This chunk runs the model for each location, as sen and
spe are now distributed.
results_case2 <- expand.grid(
Location = names(datasets),
stringsAsFactors = FALSE
) %>%
rowwise() %>%
mutate(
model_output = list(
tryCatch(
run_model_case2(
data_vector = datasets[[Location]],
gamma_val = 1
),
error = function(e) {
rep(NA, 15) %>% setNames(
c("P_Z_Median", "P_Z_CrI_Lower", "P_Z_CrI_Upper",
"P_SZ_Median", "P_SZ_CrI_Lower", "P_SZ_CrI_Upper",
"P_SB_Median", "P_SB_CrI_Lower", "P_SB_CrI_Upper",
"sen_Median", "sen_CrI_Lower", "sen_CrI_Upper",
"spe_Median", "spe_CrI_Lower", "spe_CrI_Upper")
)
}
)
)
) %>%
unnest_wider(model_output) %>%
filter(!is.na(P_Z_Median) & !is.na(P_SZ_Median) & !is.na(P_SB_Median)) %>%
mutate(Location = factor(Location, levels = c("Yap", "French Polynesia", "Puerto Rico")))

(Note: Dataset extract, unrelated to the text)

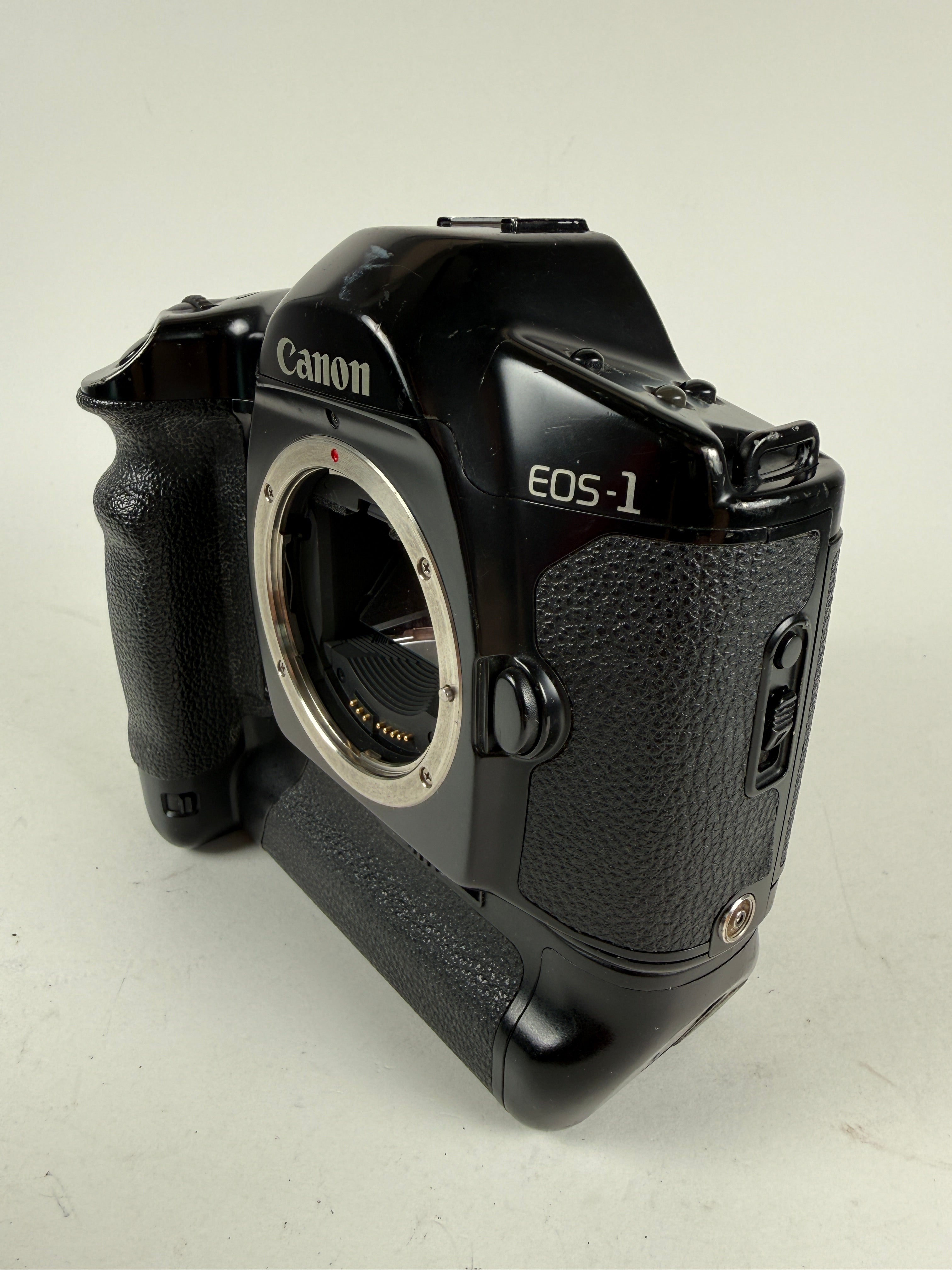 35mm Film Cameras – Cardinal Camera Used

Explanation: - Grid: Only iterates
over Location (3 rows), as sen and
spe are modeled with priors. - Execution and
Output: Similar to Case 1, but includes sen and
spe estimates. - Theory: This case
reflects the study’s “imperfect test with symptom overlap” scenario,
capturing real-world test uncertainty.
library(tibble)
library(knitr)
# Mitchell et al. published values
mitchell_psz <- c(0.27, 0.44, 0.50)
mitchell_lower <- c(0.15, 0.26, 0.34)
mitchell_upper <- c(0.37, 0.66, 0.92)
# Your estimated values
our_psz <- round(results_case2$P_SZ_Median, 3)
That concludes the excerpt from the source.